[[ TASK INPUT, beginning ]]

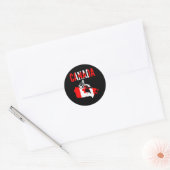 Canada Landkaart Vlag Ronde Sticker (Envelop)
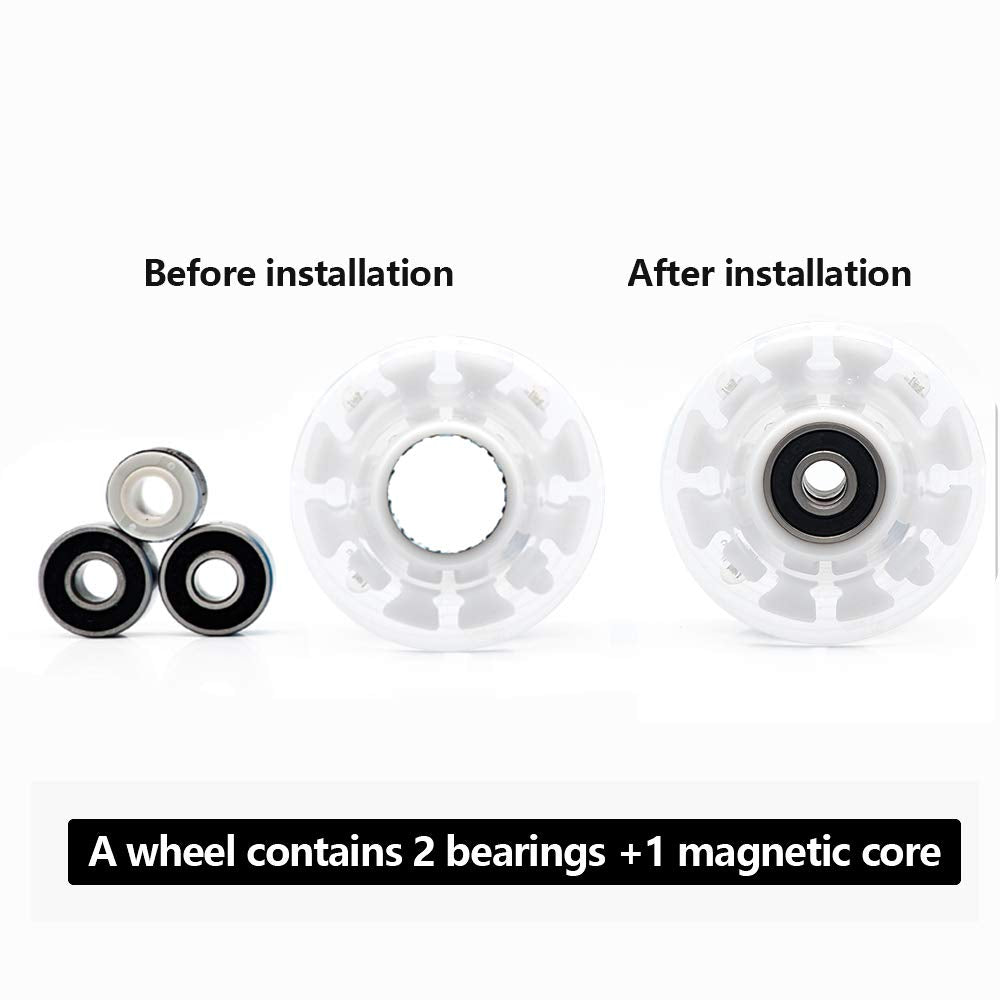 Nezylaf 8 Pack 78A Light Up Roller Skate Wheels 32  5836  65Mm, Luminous Skate Wheels With Bearings Installed For Indoor Or Outd
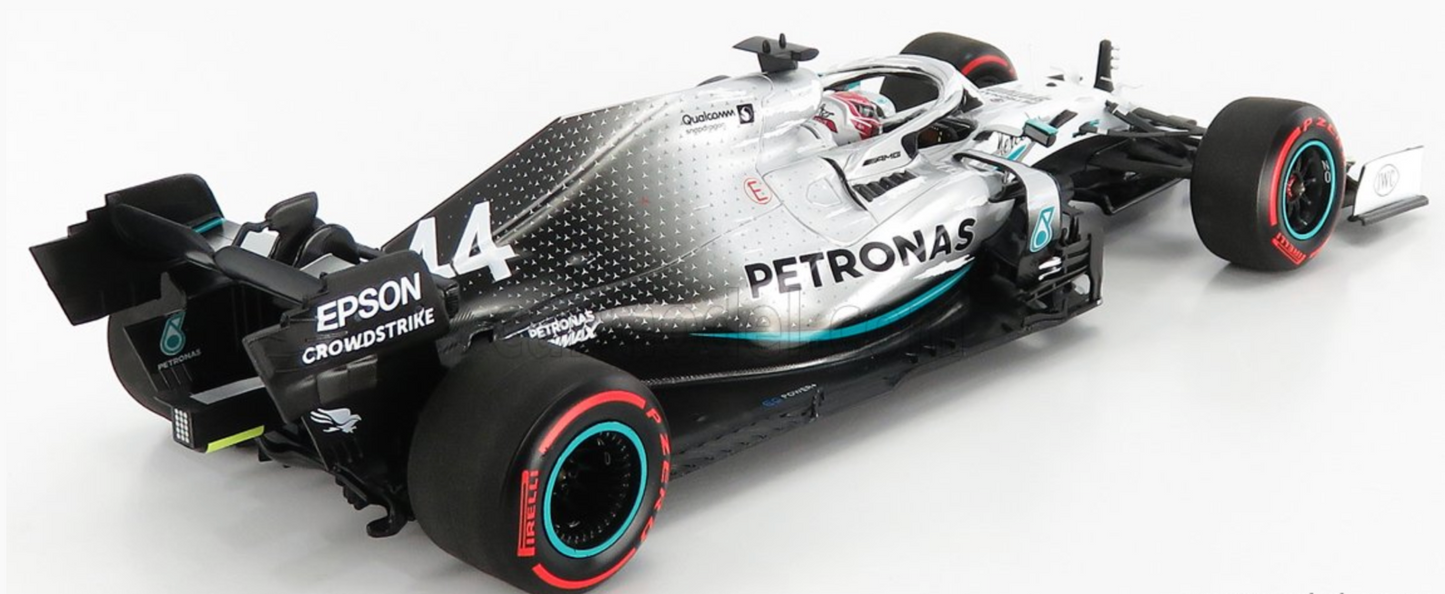 1/18 Minichamps Lewis Hamilton Mercedes W10 #44 2019 German GP Box Set.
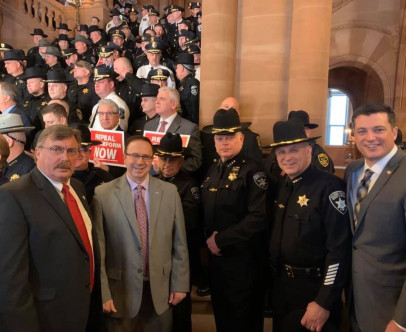 Sheriff Maciol, along with members of the Oneida County…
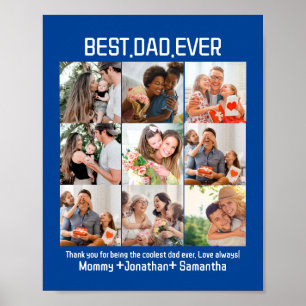 Custom Best Vater je Vatertag 9 FotoCollage Poster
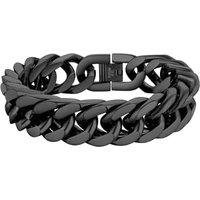 PROSTEEL Chain Bracelet for Men - Cuban Link Chunky Bracelet Silver/Gold Plated/Black 8MM/12MM/17MM Width, Hip Hop Jewellery 19/21/23CM Length for Men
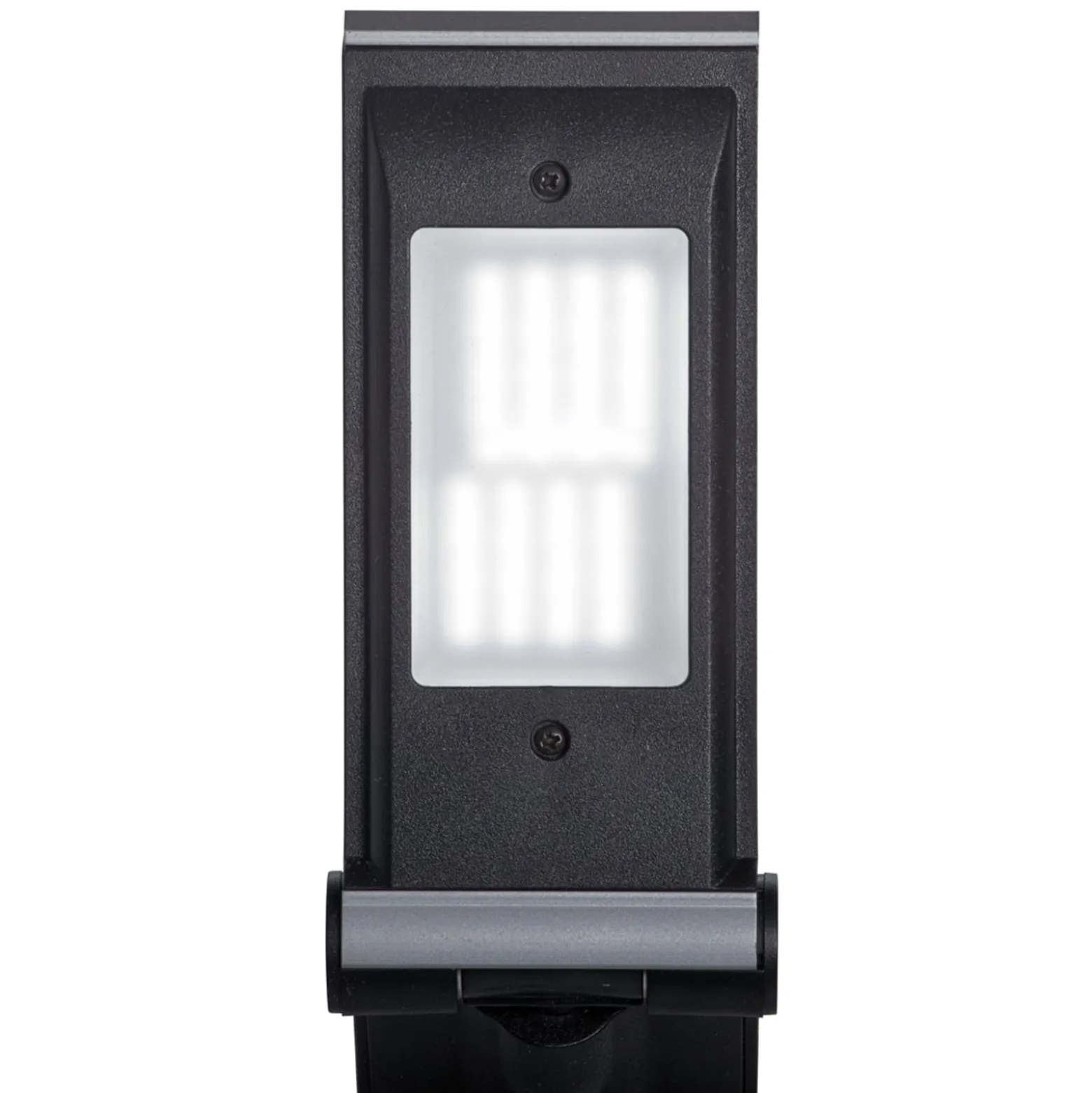 LED-työpöytälamppu MAULoptimus, hopea, puristinkanta, himmennettävä CCT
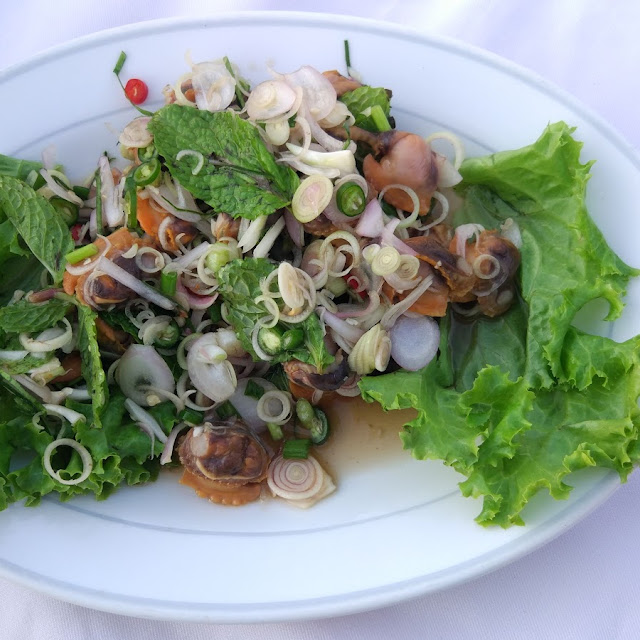 Spicy Cockle Salad
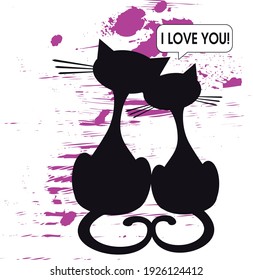 cat love you for t-shirt slogan,cute,sweet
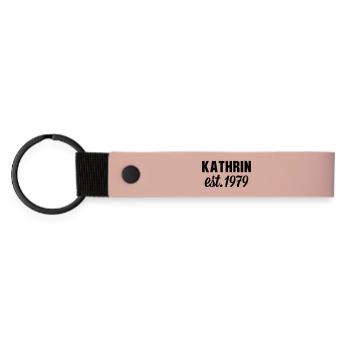 Kathrin est 1979 - Matte PU Schlüsselanhänger - Rosa - Vorne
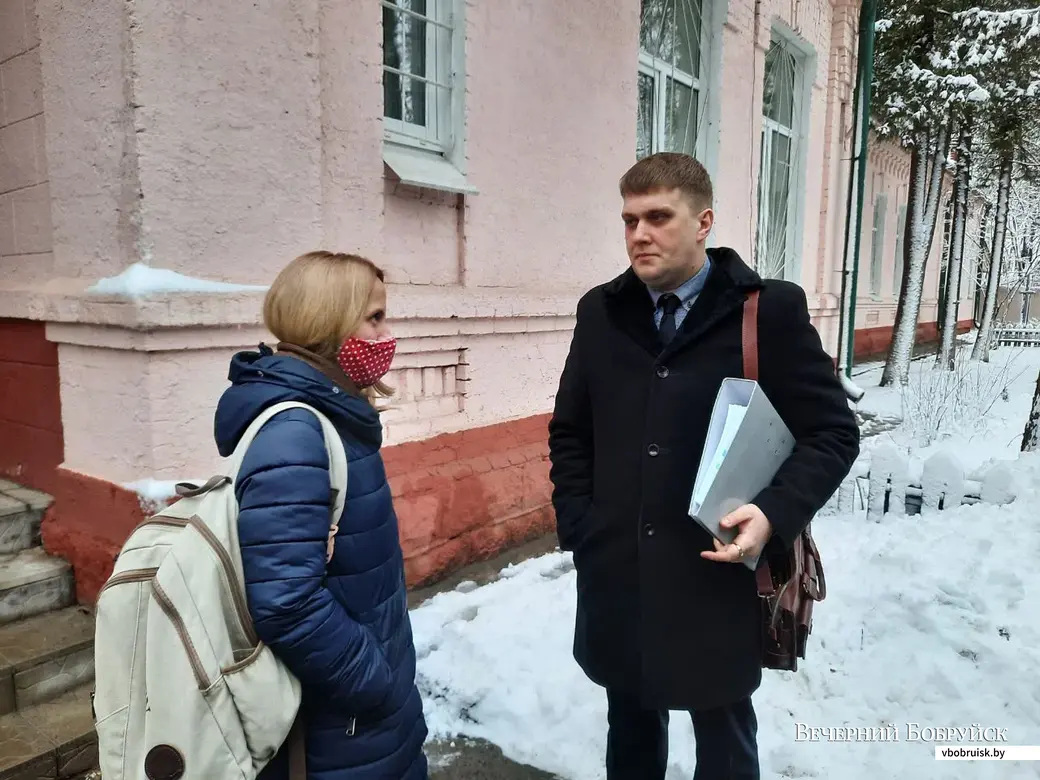 28.01.2021, Марина Молчанова с адвокатом Александром Рыжковым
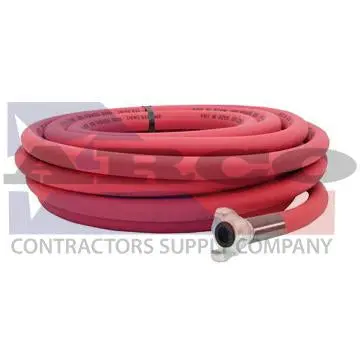 3/4-Inch X 50-Foot Heavy-Duty Air Hose – Industrial Grade Rubber Construction 1
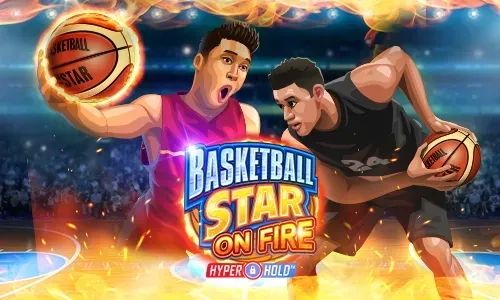 Basketball Star on Fire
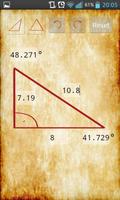 Effortless Triangle Calculator imagem de tela 2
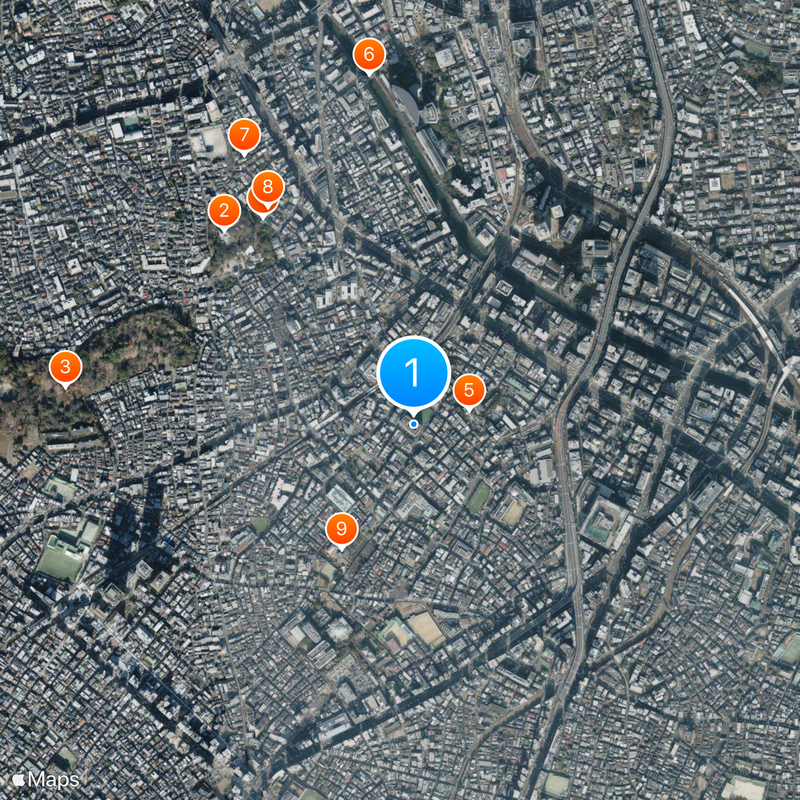 Kogyokusha Academy Map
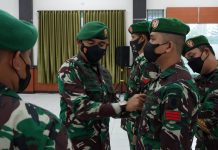 Kenaikan Pangkat Prajurit Kodim 1022/Tanah Bumbu, Begini Pesan Letkol Cpn Rahmat Trianto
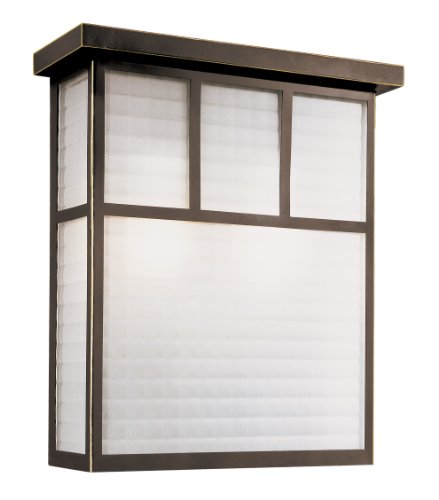 Trans Globe Lighting 40142 ROB Outdoor Mariposa 13.75" Pocket Lantern, Rubbed Oil Bronze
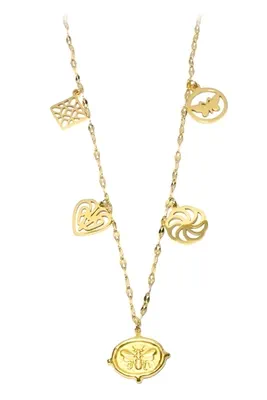 Collier breloque abeille Or E918BA 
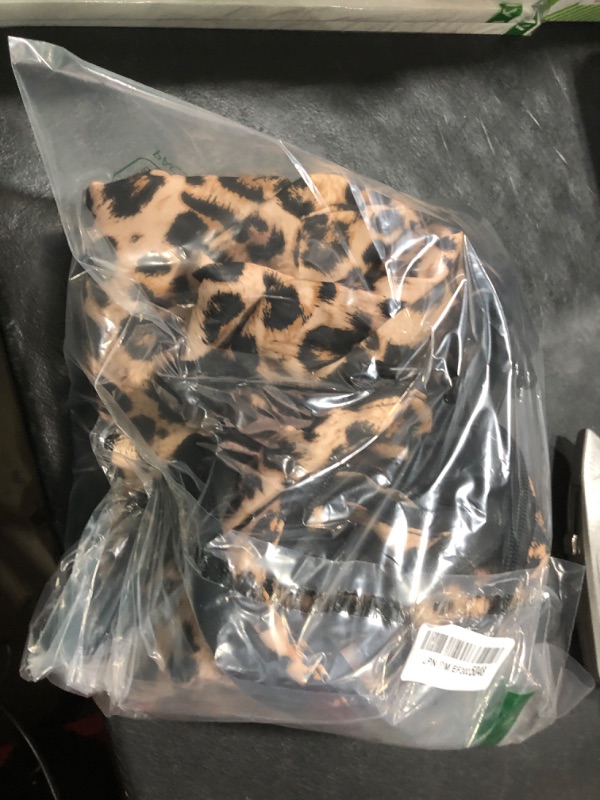 Photo 1 of ADVEZO Duffle Bag for Travel Foldable Leopard Print Carry on Travel Bag, Small Medium Weekender Overnight Bags for Women, 40L Waterproof Sport Gym Bag for Men with Computer Compartment (Leopard print)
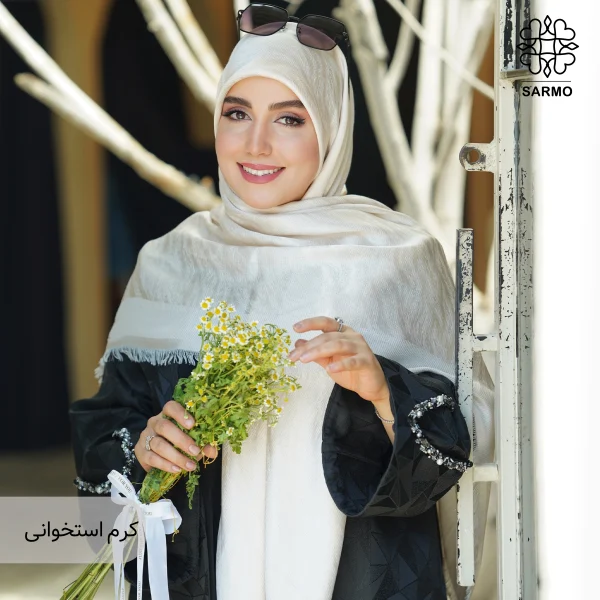 روسری ژاکارد رونا طرح پر 140 - تصویر 7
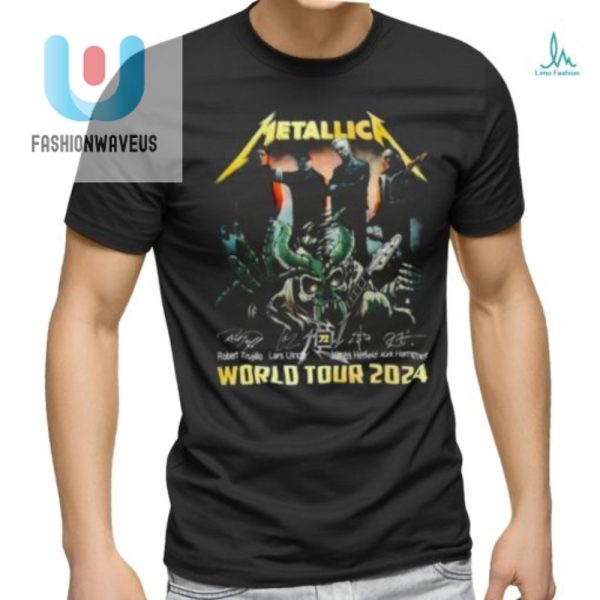Rock Out In Style Metallica 2024 Tour Tee Unleash Your Inner Fan fashionwaveus 1 3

[[ TASK INPUT, end ]]

● **EXERCISE DETAILS**: Exactly the lines from the one that contains "روسری ژاکارد رونا طرح پر 140 - تصویر 7" through the last line of the records should be set down, and the pictures should be dropped.

● **RESPONSE BOX**:
 روسری ژاکارد رونا طرح پر 140 - تصویر 7
Rock Out In Style Metallica 2024 Tour Tee Unleash Your Inner Fan fashionwaveus 1 3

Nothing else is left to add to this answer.